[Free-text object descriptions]
──────────

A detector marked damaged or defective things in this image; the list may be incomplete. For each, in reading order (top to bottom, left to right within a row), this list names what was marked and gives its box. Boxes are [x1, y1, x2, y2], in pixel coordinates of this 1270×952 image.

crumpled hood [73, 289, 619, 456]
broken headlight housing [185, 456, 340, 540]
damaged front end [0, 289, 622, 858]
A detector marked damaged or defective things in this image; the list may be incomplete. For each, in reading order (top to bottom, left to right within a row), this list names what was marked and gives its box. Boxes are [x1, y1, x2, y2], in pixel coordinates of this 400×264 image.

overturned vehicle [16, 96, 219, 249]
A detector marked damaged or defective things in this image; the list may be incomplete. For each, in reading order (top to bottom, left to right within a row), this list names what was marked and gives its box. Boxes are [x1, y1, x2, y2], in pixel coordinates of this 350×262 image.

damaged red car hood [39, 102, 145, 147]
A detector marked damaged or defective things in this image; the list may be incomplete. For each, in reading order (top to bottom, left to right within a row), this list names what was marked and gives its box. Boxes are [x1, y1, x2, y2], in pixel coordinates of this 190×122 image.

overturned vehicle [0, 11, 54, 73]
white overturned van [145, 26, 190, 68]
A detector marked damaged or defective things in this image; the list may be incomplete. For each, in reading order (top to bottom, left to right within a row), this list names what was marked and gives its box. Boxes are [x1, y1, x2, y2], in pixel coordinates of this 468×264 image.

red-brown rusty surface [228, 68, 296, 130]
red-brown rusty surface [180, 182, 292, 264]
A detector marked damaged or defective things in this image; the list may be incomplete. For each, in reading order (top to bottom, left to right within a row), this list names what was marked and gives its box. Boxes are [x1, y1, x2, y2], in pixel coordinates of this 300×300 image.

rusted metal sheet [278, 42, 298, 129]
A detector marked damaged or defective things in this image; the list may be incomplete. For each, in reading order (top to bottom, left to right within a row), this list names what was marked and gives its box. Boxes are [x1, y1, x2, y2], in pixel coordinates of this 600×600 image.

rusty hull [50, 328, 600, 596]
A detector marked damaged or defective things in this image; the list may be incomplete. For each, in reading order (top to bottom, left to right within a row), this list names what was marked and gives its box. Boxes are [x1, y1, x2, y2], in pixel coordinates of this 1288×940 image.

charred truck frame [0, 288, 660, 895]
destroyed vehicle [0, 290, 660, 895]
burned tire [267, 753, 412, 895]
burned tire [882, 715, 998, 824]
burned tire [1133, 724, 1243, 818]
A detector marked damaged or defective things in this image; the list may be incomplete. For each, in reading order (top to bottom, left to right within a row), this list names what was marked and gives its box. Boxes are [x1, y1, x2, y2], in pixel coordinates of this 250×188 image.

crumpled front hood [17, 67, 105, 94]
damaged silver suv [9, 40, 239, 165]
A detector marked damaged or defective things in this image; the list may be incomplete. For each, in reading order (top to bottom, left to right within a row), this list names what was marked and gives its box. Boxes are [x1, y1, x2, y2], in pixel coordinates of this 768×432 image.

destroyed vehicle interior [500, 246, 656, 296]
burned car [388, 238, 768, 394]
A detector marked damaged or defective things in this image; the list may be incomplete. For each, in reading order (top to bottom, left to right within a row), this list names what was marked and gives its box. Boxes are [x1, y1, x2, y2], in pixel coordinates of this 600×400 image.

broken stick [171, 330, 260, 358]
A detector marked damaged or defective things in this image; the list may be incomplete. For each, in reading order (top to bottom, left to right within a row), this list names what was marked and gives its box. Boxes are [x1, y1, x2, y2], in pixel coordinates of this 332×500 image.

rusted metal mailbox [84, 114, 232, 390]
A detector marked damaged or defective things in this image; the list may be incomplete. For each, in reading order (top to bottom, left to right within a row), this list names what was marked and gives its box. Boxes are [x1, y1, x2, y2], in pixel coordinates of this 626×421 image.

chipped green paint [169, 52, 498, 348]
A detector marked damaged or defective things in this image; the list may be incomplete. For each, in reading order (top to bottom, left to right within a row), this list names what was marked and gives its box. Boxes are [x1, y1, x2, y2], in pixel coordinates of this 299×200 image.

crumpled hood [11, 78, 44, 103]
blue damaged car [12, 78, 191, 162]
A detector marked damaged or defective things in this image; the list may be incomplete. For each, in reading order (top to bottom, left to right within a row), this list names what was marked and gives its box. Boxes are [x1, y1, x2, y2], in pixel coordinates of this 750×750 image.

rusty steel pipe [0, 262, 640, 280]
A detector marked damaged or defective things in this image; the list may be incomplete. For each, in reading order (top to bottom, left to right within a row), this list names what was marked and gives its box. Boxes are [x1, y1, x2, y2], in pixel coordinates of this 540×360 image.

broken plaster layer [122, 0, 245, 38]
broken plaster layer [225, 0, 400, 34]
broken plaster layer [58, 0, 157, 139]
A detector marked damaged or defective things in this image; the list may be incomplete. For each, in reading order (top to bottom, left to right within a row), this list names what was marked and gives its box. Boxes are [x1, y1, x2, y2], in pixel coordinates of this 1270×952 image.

──────────

Work request: When you write the entries out again, keep every word and mark exactly as it is.

Finished task:
A detector marked damaged or defective things in this image; the list may be incomplete. For each, in reading order (top to bottom, left to right within a row), this list names what was marked and gives its box. Boxes are [x1, y1, x2, y2], in pixel coordinates of this 1270×952 image.

crumpled hood [73, 289, 619, 456]
broken headlight housing [185, 456, 340, 540]
damaged front end [0, 289, 622, 858]
A detector marked damaged or defective things in this image; the list may be incomplete. For each, in reading order (top to bottom, left to right within a row), this list names what was marked and gives its box. Boxes are [x1, y1, x2, y2], in pixel coordinates of this 400×264 image.

overturned vehicle [16, 96, 219, 249]
A detector marked damaged or defective things in this image; the list may be incomplete. For each, in reading order (top to bottom, left to right within a row), this list names what was marked and gives its box. Boxes are [x1, y1, x2, y2], in pixel coordinates of this 350×262 image.

damaged red car hood [39, 102, 145, 147]
A detector marked damaged or defective things in this image; the list may be incomplete. For each, in reading order (top to bottom, left to right within a row), this list names what was marked and gives its box. Boxes are [x1, y1, x2, y2], in pixel coordinates of this 190×122 image.

overturned vehicle [0, 11, 54, 73]
white overturned van [145, 26, 190, 68]
A detector marked damaged or defective things in this image; the list may be incomplete. For each, in reading order (top to bottom, left to right within a row), this list names what was marked and gives its box. Boxes are [x1, y1, x2, y2], in pixel coordinates of this 468×264 image.

red-brown rusty surface [228, 68, 296, 130]
red-brown rusty surface [180, 182, 292, 264]
A detector marked damaged or defective things in this image; the list may be incomplete. For each, in reading order (top to bottom, left to right within a row), this list names what was marked and gives its box. Boxes are [x1, y1, x2, y2], in pixel coordinates of this 300×300 image.

rusted metal sheet [278, 42, 298, 129]
A detector marked damaged or defective things in this image; the list may be incomplete. For each, in reading order (top to bottom, left to right within a row), this list names what was marked and gives its box. Boxes are [x1, y1, x2, y2], in pixel coordinates of this 600×600 image.

rusty hull [50, 328, 600, 596]
A detector marked damaged or defective things in this image; the list may be incomplete. For each, in reading order (top to bottom, left to right within a row), this list names what was marked and gives its box. Boxes are [x1, y1, x2, y2], in pixel coordinates of this 1288×940 image.

charred truck frame [0, 288, 660, 895]
destroyed vehicle [0, 290, 660, 895]
burned tire [267, 753, 412, 895]
burned tire [882, 715, 998, 824]
burned tire [1133, 724, 1243, 818]
A detector marked damaged or defective things in this image; the list may be incomplete. For each, in reading order (top to bottom, left to right within a row), this list names what was marked and gives its box. Boxes are [x1, y1, x2, y2], in pixel coordinates of this 250×188 image.

crumpled front hood [17, 67, 105, 94]
damaged silver suv [9, 40, 239, 165]
A detector marked damaged or defective things in this image; the list may be incomplete. For each, in reading order (top to bottom, left to right within a row), this list names what was marked and gives its box. Boxes are [x1, y1, x2, y2], in pixel coordinates of this 768×432 image.

destroyed vehicle interior [500, 246, 656, 296]
burned car [388, 238, 768, 394]
A detector marked damaged or defective things in this image; the list may be incomplete. For each, in reading order (top to bottom, left to right within a row), this list names what was marked and gives its box. Boxes are [x1, y1, x2, y2], in pixel coordinates of this 600×400 image.

broken stick [171, 330, 260, 358]
A detector marked damaged or defective things in this image; the list may be incomplete. For each, in reading order (top to bottom, left to right within a row), this list names what was marked and gives its box. Boxes are [x1, y1, x2, y2], in pixel coordinates of this 332×500 image.

rusted metal mailbox [84, 114, 232, 390]
A detector marked damaged or defective things in this image; the list may be incomplete. For each, in reading order (top to bottom, left to right within a row), this list names what was marked and gives its box. Boxes are [x1, y1, x2, y2], in pixel coordinates of this 626×421 image.

chipped green paint [169, 52, 498, 348]
A detector marked damaged or defective things in this image; the list may be incomplete. For each, in reading order (top to bottom, left to right within a row), this list names what was marked and gives its box. Boxes are [x1, y1, x2, y2], in pixel coordinates of this 299×200 image.

crumpled hood [11, 78, 44, 103]
blue damaged car [12, 78, 191, 162]
A detector marked damaged or defective things in this image; the list may be incomplete. For each, in reading order (top to bottom, left to right within a row), this list names what was marked and gives its box. Boxes are [x1, y1, x2, y2], in pixel coordinates of this 750×750 image.

rusty steel pipe [0, 262, 640, 280]
A detector marked damaged or defective things in this image; the list may be incomplete. For each, in reading order (top to bottom, left to right within a row), this list names what was marked and gives its box. Boxes are [x1, y1, x2, y2], in pixel coordinates of this 540×360 image.

broken plaster layer [122, 0, 245, 38]
broken plaster layer [225, 0, 400, 34]
broken plaster layer [58, 0, 157, 139]
A detector marked damaged or defective things in this image; the list may be incomplete. For each, in reading order (top to bottom, left to right within a row), this list names what was marked and gives its box. Boxes are [x1, y1, x2, y2], in pixel coordinates of this 1270×952 image.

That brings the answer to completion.